It would have been interesting to see Carrey discuss what, exactly, made him uncomfortable with continuing to promote his work in Kick-Ass 2, in part because it would have contributed to the discussion that Millar is starting here. Does Carrey now feel uncomfortable carrying out acts of violence on-screen no matter how they might be framed or interpreted, because of how performing those acts and watching them later make him feel? Does Carrey believe that cinematic violence that’s meant as a critique of the glorification of gun use or physical aggression can’t actually function that way because the aesthetics overwhelm the moral reasoning? There’s a good argument to be made that Kick-Ass meandered back and forth between the self-destructiveness and sheer enjoyment of violence. There’s no question that its main character’s attempts to be a super-hero result from self-loathing—and given his inexperience, self-destructive impulses—but it’s also a movie where a bad guy gets shot out of a high-rise with a rocket-launcher in a display of pyrotechnic creativity.

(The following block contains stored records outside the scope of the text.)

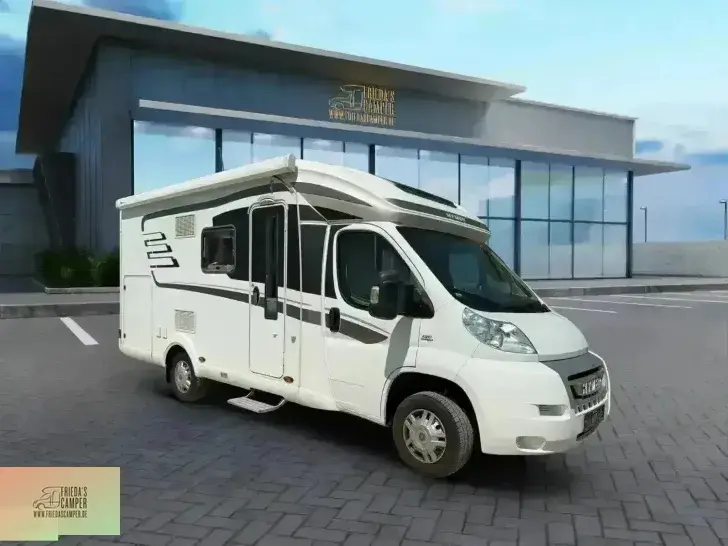 Fahrzeugbild Hymer Tramp CL 514 #7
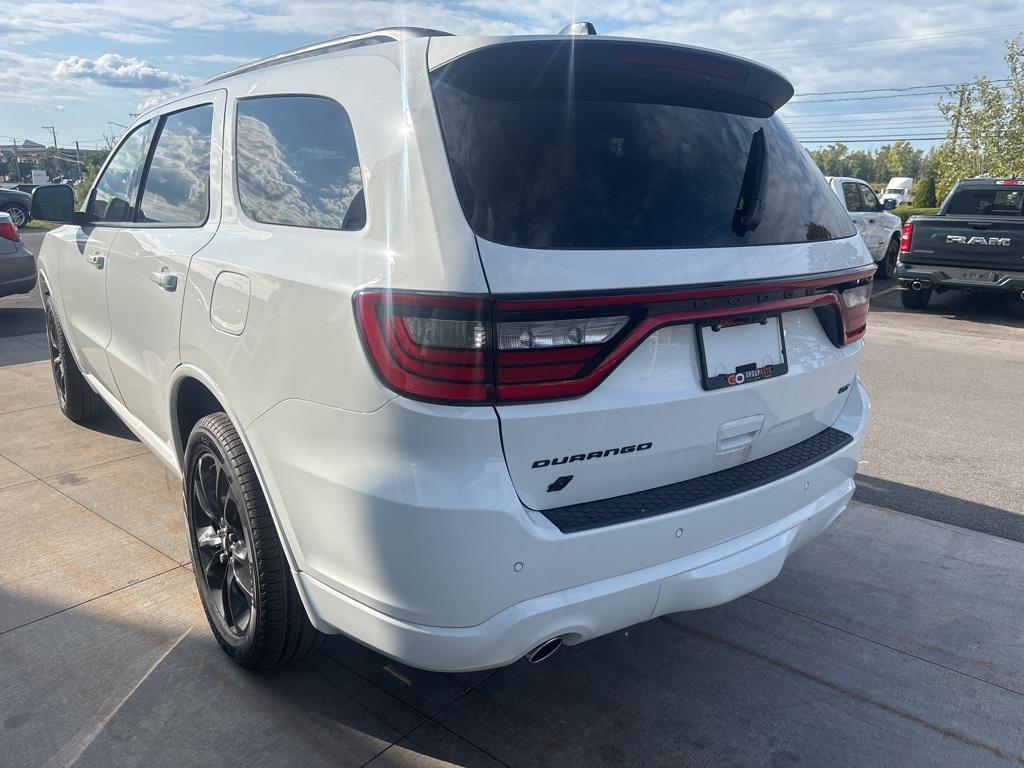 new 2026 Dodge Durango car, priced at $47,485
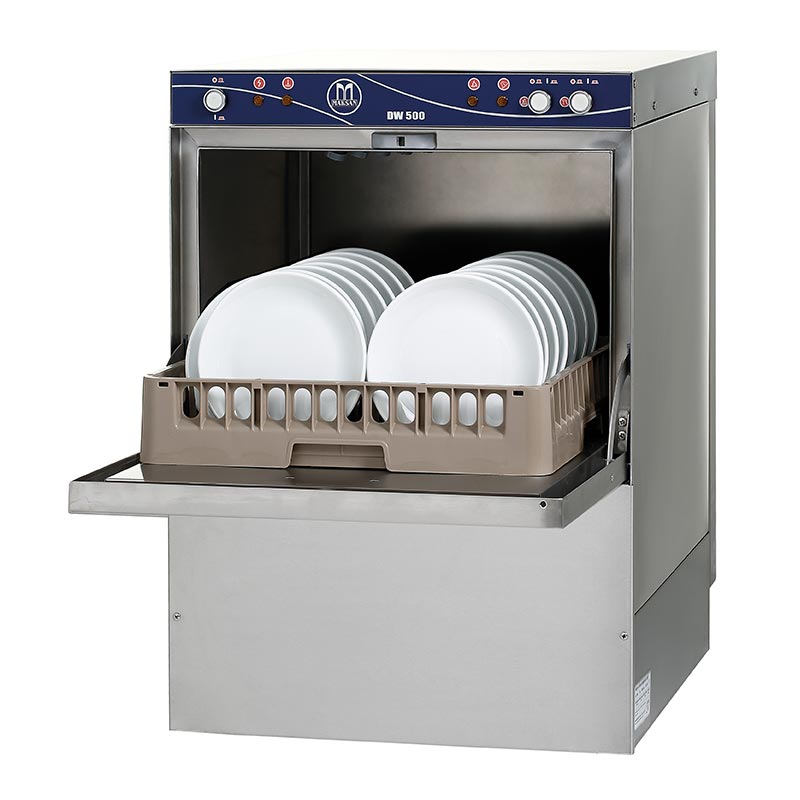 Maksan DW-500 Set Altı Bulaşık Yıkama Makinesi — Maksan — Görsel 2
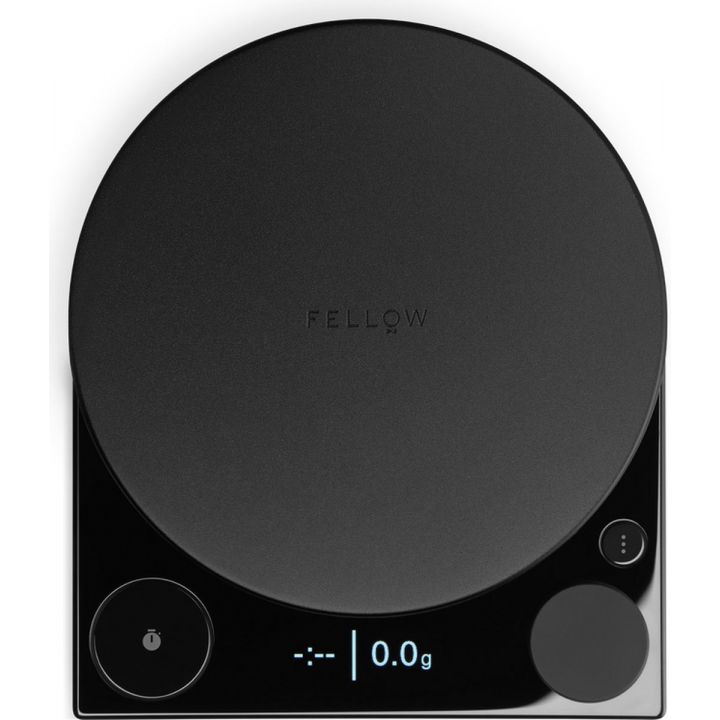 Fellow Tally Pro Precision weegschaal speciaal voor koffie zetten – studio editie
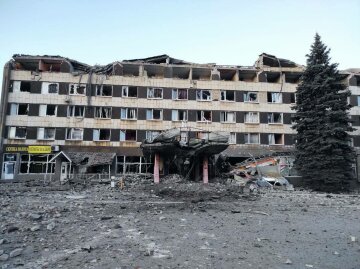 На Луганщині розгромили кадировців, фото наслідків: "Планували вирушити на виїзд"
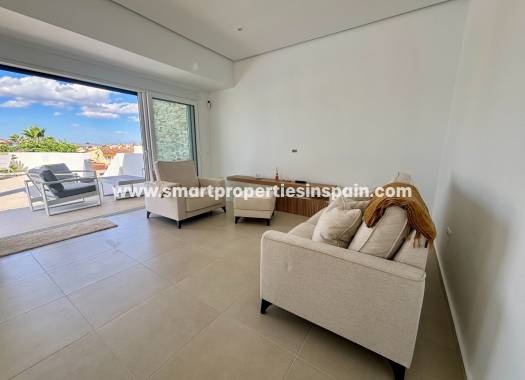 New Build - Detached Villa - Benijofar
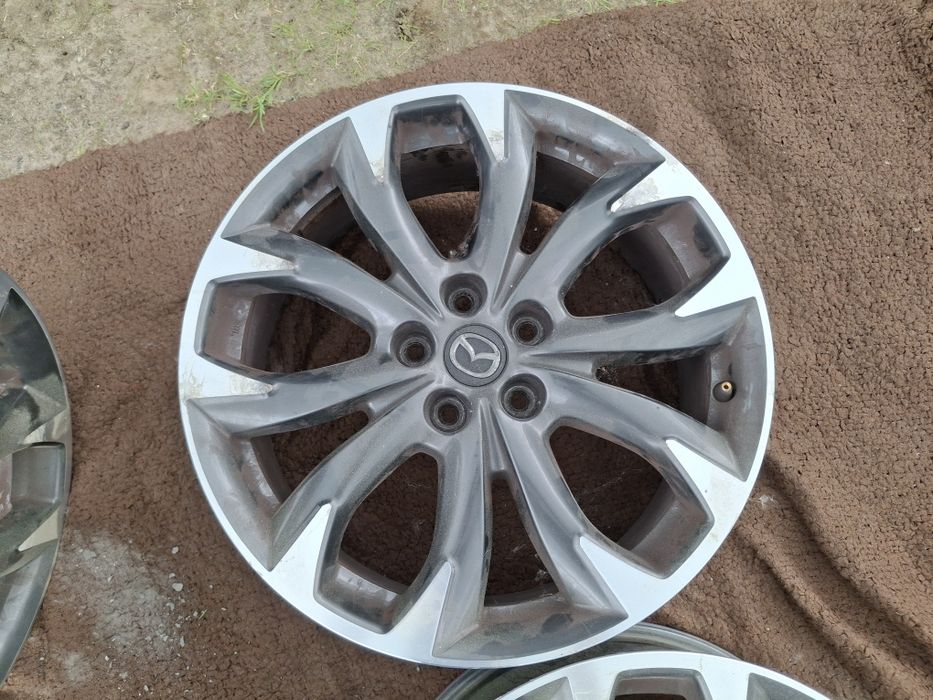 Komplet Alufelg Mazda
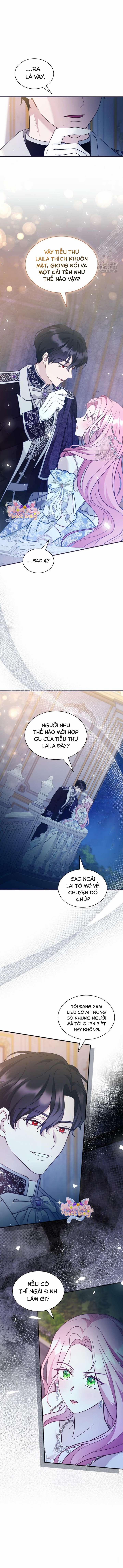 Dẫu Cho Con Gái Của Kẻ Phản Diện Trùng Sinh 45 trang 6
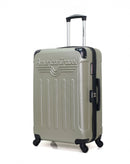 AMERICAN TRAVEL – 3er-Set: Hartschalenkoffer HARLEM-A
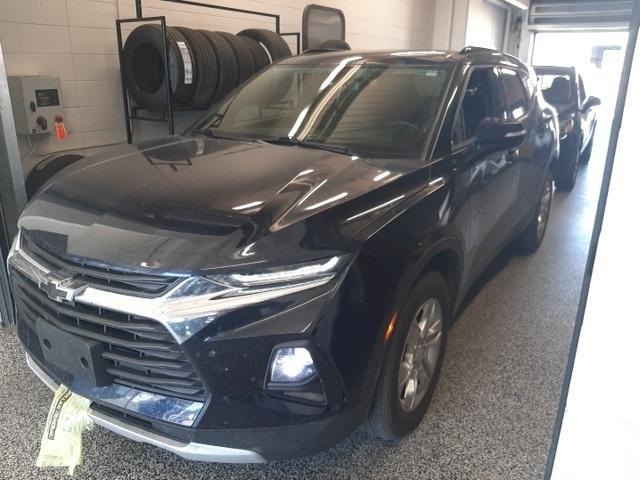 used 2020 Chevrolet Blazer car, priced at $15,122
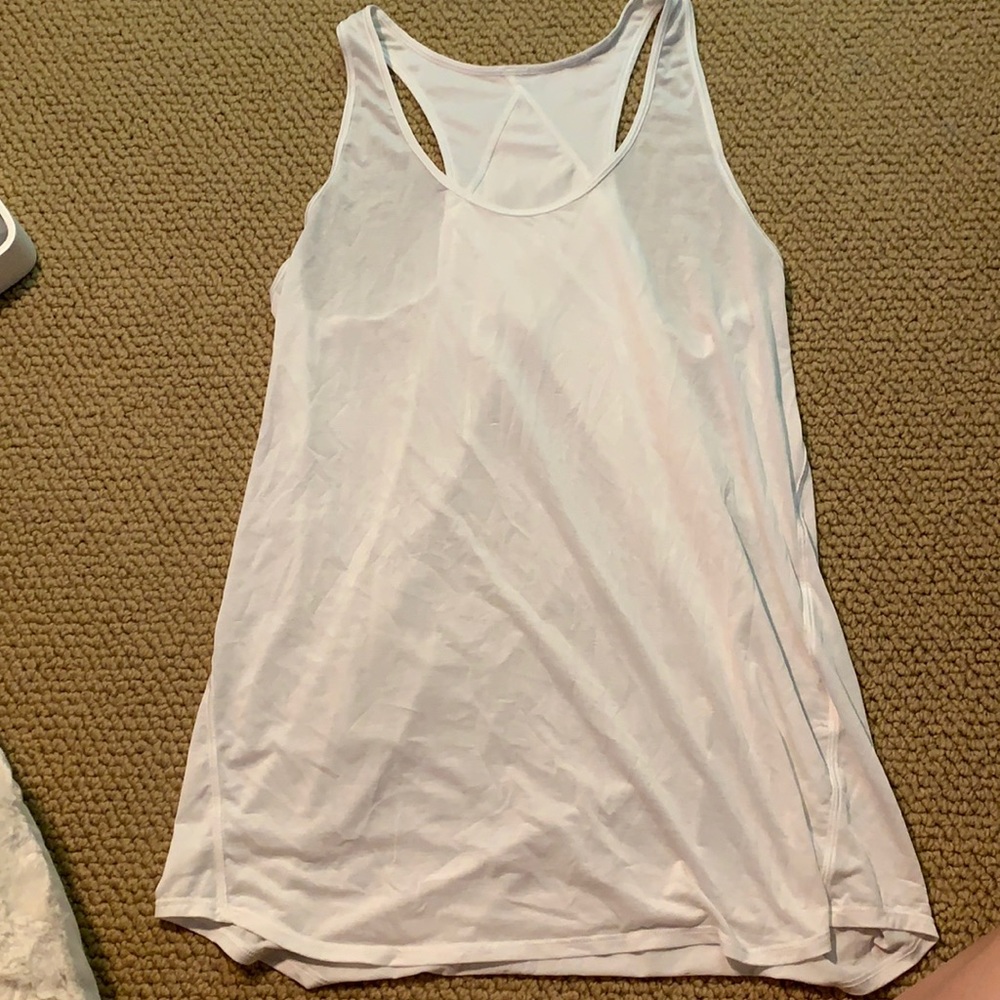 Lululemon Tank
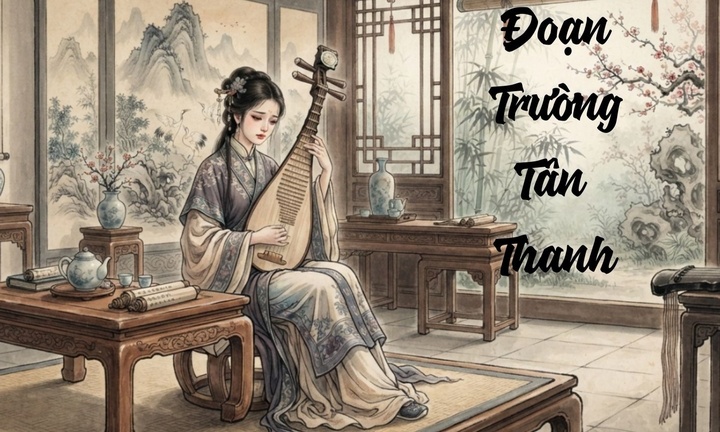 'Đoạn trường tân thanh' có nghĩa là gì?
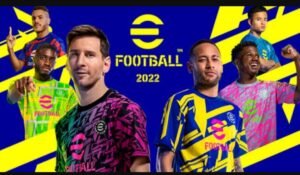 تحميل بيس 2022 مهكرة Football PES 2022.APK اخر اصدار 3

And it would be nice to know what the wider implications of Carrey’s discomfort with the film are. Does not supporting Kick-Ass 2 mean that Carrey’s going forego his paycheck for the film, and whatever points he might have gotten on the back-end? Will he donate the money he made from the film to gun control advocacy organizations? Will he avoid taking parts in the future where his characters either use guns, or inflict violence on other characters by other means? As a one-off, Carrey’s decision to back away from a single role, especially without a clear line of reasoning between the source of his discomfort—the mass shooting in Newtown, Connecticut—and the part—a non-gun using villain—doesn’t have much of an impact on our ongoing debate over mass media’s use of violent death as a means of generating narrative stakes, or specifically, the entertainment industry’s willingness to pay gun manufacturers for the rights to use images of their weapons in movies and games. It’s great for Carrey that he has the clout in Hollywood to follow his conscience without serious consequences to his career. But it would be better for the rest of us if we could have a more detailed conversation, and in more than 140 characters, about how we read the movies, and how the movies have taught us how to respond to acts of violence.